Just make sure you pay attention to the basics. You don’t want to realize in the middle of summer that your garden hose can’t reach the vegetable plot or the peppers you planted need a spot with more sun.
Here are six vegetable garden basics to know before you plant your first seeds.
Vegetable gardens need certain basics. Sun is the first one. Ideally, a vegetable garden should get six to eight hours of sun per day in the summer. So, don’t plant in the shade of tall trees or in a space where the house will block the sun.
You will also need an adequate amount of space for the plants to grow and flourish. A good rule of thumb is to keep 18 inches to 24 inches between plants like tomatoes and cucumbers. The total size of your plot is up to you.
A 16- by 10-foot garden will likely give you enough to feed a family of four. Remember, you don’t want to be overwhelmed the first time out. A smaller garden will also give you experience in planting and harvesting. And you won’t feel like barricading yourself from yet more cucumbers once the plants start to produce.
As you’re looking at available yard space, keep siting requirements in mind. The ground should be level. It’s not impossible to grow gardens on sloping land, but it’s much harder to weed, hoe and rototiller. Be sure your garden is close to available water sources. Otherwise, you’ll be carrying a lot of watering cans back and forth, which can get old really fast.
If the first balmy days of spring have you rushing out with seed packets…don’t. A good garden needs to be planned. And we mean, literally, sit down with a pencil and paper and plan the size, what you will plant in each area, when you will plant it and when it should be harvested. Graph paper is good for sketching the plot. Then write “when to plant” and “when to harvest” in lists.
Planning ensures the crops have enough space. If you don’t have enough space for both carrots and radishes, a list can tell you this before you start digging. Lists also ensure you don’t plant too late for a good harvest.
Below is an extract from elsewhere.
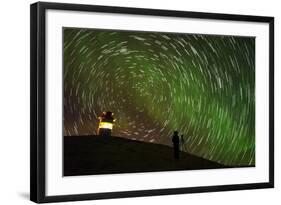 Star Trails and Aurora Borealis or Northern Lights, Iceland-Arctic-Images-Framed Photographic Print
You need to know beforehand when seeds should go in the ground and when there should be vegetables ready! When planning the harvest, make sure it doesn’t coincide with vacation time. Also, make sure you won’t have a frantic two weeks when everything is ripe.
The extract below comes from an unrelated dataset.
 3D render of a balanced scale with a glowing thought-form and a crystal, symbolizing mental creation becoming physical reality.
Some vegetables are easier to grow than others. It’s a good idea for newbie gardeners to focus on the easy ones. Next year, grow some of the harder ones. Easy ones include lettuce, basil, cucumbers, radishes and carrots. You can simply plant these in the ground, weed, fertilize and water, then pick when they are ready. Radishes can go from seed to table in about 20 days.
Tomatoes, green beans and zucchini are also easy. They grow best with a trellis or stake support, so they are slightly more complicated to grow. Some gardeners suggest newbies begin with cherry tomatoes, which are small and can be grown plant by plant.
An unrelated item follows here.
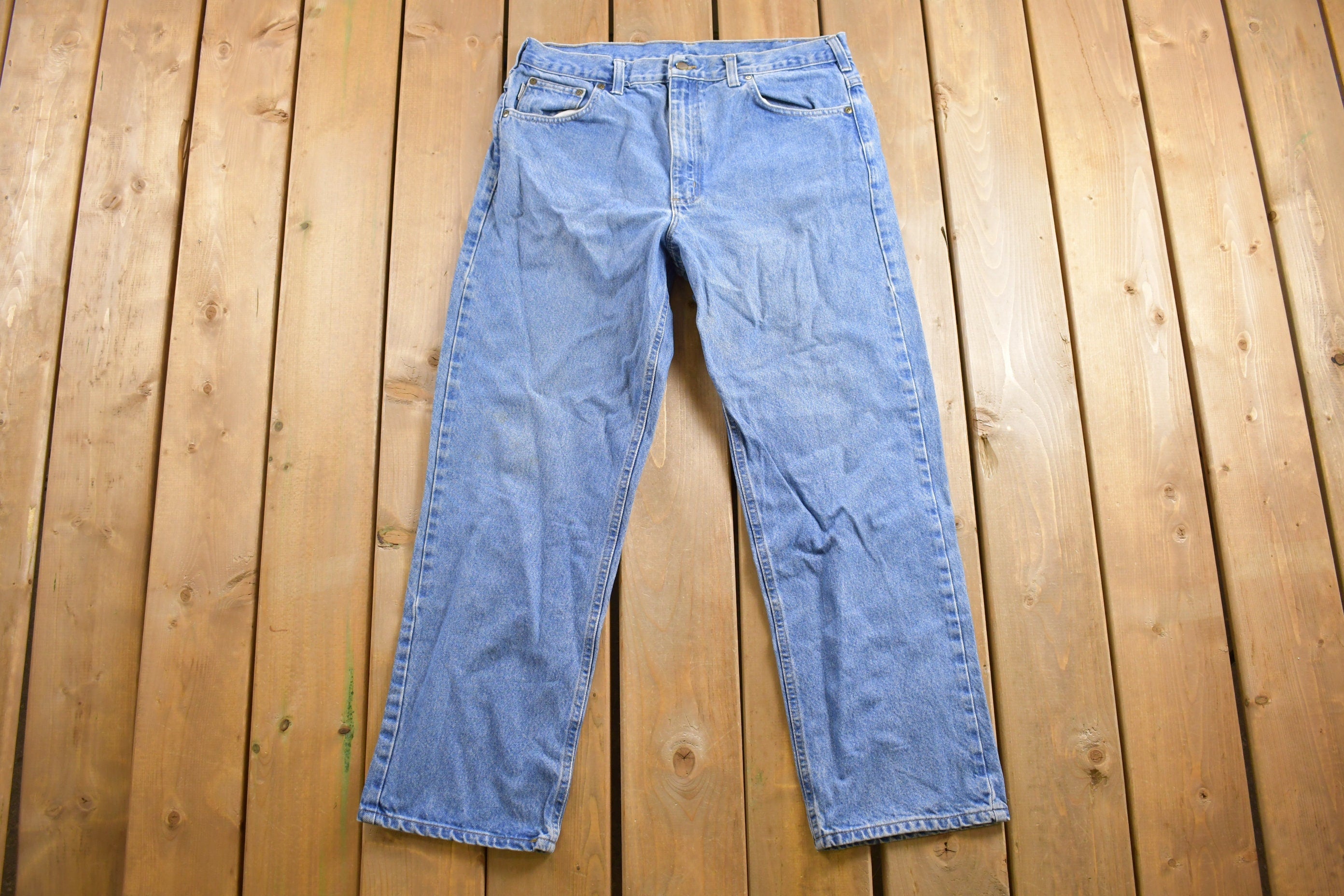 Vintage 1990s Carhartt Mid Wash Denim Jeans Size 34 x 28.5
Plants need room to set down roots. Water needs a place to go. If your soil is compacted, you need to hoe, dig and perhaps rototiller until it is loose enough to receive seeds or plants. In general, the soil needs to be loose about one foot down from the topsoil. Tomato roots will need two feet.
Then, add mulch and fertilizer. Mulch adds nutrients to the soil. Mulch can be made of bark, pine needles and grass clippings. In general, 10 percent to 20 percent of the soil should be compost. Use fertilizer very sparingly.
Your garden needs steady care and maintenance. Make sure it receives plenty of water, especially when the seeds or plants first hit the ground. Check the topsoil frequently, and water before it gets dry. The only way to be sure your plants are getting enough water but not too much is to use your hands and check. They can show signs of mold or failure to thrive if they are getting too much water.
Weed frequently as well. Weeds can grow quickly enough to choke seedlings before they start flourishing. While herbicides can kill weeds, they also have harmful effects on the garden itself. It’s best to pull up weeds by hand. This will not be a huge chore if you check for weeds regularly.
As you’re checking for weeds, look for signs of pests. The category of pests is broad, ranging from aphids to rabbits. They can destroy all your work in the garden. Insects can either be visible or leave signs of damage. Check with your local plant store about ways to get rid of them. Rabbits will eat your lettuce and other plants. A fence will discourage rabbits.
Finally, make sure you have all the common tools before you start. A hoe, shovel and some spades, for starters, will help prepare the garden. A watering can and gardening gloves are also good ideas.
Keep shoes and clothes just for gardening. If you’re doing it right, they’ll be too dirty and stained to use for anything else. Many people like to wear a hat that shades their eyes and keeps the sun off in the summer.
And there you have it! Take it easy and follow these simple steps. You’ll be enjoying fresh radishes and tomatoes this summer if you plant this spring.